Paw Prints Make Strides in California


By Eunice Kim

I remember when we first brought my dog into our family home and into our hearts. Beyond the fact that he looked like a fluffy cotton ball with a heart-shaped nose, he demonstrated a contagious warmth due to his soft character and fervor for life. With that wagging tail and love of cuddles, I didn’t think to look into his origins, that he was a new member of our family was enough.

However, even a dog as cute as mine can have a sad backstory, often at the hands of dubious pet shelters or retail pet stores.

After all, one of the main issues regarding the sale of pets at pet stores is the topic of where they come from.

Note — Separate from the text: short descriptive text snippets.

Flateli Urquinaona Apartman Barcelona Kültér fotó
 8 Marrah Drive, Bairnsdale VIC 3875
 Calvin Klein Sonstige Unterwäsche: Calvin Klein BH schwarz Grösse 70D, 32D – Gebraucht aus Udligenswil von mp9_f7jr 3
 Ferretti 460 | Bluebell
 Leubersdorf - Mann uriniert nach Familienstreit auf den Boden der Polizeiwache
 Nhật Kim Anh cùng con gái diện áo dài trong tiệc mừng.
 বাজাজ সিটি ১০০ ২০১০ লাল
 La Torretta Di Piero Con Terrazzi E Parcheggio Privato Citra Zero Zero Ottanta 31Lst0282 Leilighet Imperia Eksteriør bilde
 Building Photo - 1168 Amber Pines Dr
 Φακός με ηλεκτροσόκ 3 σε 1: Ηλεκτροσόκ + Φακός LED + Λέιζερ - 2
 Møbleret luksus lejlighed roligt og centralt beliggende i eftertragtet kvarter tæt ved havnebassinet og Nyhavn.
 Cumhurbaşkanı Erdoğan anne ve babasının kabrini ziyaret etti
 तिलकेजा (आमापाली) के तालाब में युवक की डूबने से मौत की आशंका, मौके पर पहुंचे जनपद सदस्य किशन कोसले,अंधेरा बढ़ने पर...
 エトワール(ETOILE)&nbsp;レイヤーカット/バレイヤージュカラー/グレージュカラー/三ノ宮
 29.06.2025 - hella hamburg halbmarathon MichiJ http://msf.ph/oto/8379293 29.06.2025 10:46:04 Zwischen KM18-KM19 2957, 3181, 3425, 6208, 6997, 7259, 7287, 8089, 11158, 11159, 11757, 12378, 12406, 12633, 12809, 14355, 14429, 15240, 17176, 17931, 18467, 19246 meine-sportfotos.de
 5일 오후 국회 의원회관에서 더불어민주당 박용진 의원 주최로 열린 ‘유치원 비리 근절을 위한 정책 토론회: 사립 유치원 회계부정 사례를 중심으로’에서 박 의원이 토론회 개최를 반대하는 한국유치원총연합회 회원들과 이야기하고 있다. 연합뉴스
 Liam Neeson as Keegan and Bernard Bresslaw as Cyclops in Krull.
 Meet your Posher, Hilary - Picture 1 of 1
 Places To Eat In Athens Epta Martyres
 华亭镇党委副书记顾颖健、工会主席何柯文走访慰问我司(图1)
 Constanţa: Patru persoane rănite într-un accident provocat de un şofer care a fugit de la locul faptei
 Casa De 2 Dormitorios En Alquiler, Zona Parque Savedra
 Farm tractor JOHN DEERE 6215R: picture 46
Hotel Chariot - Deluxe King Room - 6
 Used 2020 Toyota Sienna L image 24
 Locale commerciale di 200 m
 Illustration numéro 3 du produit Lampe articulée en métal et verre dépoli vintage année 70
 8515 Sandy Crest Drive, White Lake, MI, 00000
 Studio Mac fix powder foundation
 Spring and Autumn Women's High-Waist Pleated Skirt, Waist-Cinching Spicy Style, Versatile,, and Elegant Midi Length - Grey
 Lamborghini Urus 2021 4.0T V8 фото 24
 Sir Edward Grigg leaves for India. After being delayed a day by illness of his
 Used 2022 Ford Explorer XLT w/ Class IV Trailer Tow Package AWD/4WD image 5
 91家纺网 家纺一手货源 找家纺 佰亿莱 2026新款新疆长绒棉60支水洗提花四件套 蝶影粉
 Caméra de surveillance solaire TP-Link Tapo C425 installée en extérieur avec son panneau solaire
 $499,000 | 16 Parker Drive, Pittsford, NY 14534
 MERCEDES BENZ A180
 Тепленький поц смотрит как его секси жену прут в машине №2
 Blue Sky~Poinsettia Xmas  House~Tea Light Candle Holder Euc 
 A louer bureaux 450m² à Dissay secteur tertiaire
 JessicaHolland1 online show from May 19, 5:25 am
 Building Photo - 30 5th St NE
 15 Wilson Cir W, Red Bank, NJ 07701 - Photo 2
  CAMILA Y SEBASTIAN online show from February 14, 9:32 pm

The Humane Society of the United States and the Pet Rescue and Adoption Act claim that most dogs have their origins in “puppy mills,” commercial breeder sites of substandard conditions where puppies and kittens are mass-bred in the name of profit.  

Ordinances protecting such pets have been implemented in many cities, but as of now, the California is the first state in the nation to ban retail sales of dogs, cats, and rabbits.

In California, the harsh breeding conditions as well as heavy financial costs of maintaining shelters (which California taxpayers pay) influenced a bill called The Pet Rescue and Adoption Act (or AB 485) which was passed by legislators in 2018 and then signed into law by Governor Jerry Brown.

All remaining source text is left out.